In the material below, transcribe every line from the first through the line holding "Glass and bottle", exactly, and stop after that line.

**Data provided**
:::
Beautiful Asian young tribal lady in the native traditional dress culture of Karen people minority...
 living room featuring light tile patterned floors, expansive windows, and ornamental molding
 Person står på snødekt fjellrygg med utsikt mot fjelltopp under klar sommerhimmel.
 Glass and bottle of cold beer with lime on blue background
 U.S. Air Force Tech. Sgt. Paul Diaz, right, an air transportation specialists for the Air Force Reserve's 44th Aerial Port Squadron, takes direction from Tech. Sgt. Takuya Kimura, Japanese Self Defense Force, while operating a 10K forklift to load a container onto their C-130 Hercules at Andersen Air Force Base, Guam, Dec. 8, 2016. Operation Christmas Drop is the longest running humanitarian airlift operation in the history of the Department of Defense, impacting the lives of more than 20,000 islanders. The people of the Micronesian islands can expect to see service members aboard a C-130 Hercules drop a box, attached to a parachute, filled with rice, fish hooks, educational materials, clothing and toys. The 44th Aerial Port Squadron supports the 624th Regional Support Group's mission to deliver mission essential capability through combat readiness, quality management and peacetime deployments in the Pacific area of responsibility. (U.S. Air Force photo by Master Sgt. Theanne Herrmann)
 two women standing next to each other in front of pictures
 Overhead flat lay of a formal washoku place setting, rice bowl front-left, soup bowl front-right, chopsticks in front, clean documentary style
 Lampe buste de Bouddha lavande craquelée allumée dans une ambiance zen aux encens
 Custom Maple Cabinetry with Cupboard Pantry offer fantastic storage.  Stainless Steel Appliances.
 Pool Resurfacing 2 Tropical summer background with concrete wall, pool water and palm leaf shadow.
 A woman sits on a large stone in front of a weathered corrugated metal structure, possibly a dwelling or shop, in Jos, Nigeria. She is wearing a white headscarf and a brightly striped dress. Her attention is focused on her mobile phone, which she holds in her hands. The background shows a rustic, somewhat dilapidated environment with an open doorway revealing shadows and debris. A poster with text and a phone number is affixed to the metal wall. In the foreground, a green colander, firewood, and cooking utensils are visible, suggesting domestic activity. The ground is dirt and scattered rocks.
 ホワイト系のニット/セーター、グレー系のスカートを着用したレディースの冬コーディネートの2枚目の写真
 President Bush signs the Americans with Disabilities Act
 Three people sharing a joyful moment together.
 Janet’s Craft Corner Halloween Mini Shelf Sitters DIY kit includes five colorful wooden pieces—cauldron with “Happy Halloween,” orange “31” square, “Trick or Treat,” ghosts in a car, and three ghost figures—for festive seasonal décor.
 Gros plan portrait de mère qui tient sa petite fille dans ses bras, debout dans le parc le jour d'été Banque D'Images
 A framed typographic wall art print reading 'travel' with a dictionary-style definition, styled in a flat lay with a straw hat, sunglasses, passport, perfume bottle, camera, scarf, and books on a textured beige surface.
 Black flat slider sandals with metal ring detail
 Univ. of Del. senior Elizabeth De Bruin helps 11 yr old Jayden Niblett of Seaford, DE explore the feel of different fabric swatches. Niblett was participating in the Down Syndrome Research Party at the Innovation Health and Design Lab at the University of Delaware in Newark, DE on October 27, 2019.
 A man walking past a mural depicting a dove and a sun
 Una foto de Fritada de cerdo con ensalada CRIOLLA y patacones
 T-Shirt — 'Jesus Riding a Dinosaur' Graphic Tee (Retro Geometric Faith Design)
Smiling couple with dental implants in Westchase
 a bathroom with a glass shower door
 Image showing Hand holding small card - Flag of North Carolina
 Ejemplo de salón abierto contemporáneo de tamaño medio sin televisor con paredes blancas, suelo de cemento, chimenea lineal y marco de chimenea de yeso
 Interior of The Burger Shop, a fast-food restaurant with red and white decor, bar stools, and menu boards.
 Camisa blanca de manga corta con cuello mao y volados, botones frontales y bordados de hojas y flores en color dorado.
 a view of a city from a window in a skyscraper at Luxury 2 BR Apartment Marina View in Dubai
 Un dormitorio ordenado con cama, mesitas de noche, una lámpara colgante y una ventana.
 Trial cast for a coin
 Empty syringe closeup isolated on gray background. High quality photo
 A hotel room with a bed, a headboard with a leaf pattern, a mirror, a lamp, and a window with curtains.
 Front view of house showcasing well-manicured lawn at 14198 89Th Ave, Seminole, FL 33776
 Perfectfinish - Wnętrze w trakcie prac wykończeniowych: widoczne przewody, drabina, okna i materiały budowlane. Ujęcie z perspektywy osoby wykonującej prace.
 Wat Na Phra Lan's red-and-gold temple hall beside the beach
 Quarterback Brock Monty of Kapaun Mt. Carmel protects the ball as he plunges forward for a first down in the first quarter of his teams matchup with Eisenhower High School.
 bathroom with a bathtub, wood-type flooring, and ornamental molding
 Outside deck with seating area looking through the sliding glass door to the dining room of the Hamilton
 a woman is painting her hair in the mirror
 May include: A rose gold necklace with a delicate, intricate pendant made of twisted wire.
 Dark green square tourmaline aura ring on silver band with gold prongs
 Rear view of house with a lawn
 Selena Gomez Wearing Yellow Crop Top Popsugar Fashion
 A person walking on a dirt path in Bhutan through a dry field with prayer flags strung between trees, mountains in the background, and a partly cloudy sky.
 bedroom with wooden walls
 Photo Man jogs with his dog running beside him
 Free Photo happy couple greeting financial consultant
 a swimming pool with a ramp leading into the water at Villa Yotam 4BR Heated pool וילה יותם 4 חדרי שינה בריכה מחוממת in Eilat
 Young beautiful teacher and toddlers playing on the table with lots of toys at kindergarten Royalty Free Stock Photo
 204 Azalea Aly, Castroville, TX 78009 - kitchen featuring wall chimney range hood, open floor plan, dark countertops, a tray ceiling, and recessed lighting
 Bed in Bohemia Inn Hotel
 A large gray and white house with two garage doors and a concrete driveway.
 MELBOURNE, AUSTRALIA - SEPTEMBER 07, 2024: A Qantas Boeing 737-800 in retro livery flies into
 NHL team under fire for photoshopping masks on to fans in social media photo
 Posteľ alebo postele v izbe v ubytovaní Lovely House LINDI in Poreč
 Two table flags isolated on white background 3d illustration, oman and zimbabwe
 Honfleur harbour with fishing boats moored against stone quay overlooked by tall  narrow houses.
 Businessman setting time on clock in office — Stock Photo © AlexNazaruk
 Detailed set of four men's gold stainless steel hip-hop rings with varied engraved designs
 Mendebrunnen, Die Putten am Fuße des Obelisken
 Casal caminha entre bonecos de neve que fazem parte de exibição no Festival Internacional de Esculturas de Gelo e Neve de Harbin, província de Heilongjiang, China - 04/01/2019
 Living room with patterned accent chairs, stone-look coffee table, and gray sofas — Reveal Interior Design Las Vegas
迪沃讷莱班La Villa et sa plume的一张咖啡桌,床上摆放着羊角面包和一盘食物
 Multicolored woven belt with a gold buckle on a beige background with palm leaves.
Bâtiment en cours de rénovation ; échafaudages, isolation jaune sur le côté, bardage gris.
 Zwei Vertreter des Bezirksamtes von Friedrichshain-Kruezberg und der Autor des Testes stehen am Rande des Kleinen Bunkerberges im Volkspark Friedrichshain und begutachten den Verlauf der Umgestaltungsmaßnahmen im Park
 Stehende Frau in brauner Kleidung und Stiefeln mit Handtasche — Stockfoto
:::
**Your response**
Beautiful Asian young tribal lady in the native traditional dress culture of Karen people minority...
 living room featuring light tile patterned floors, expansive windows, and ornamental molding
 Person står på snødekt fjellrygg med utsikt mot fjelltopp under klar sommerhimmel.
 Glass and bottle of cold beer with lime on blue background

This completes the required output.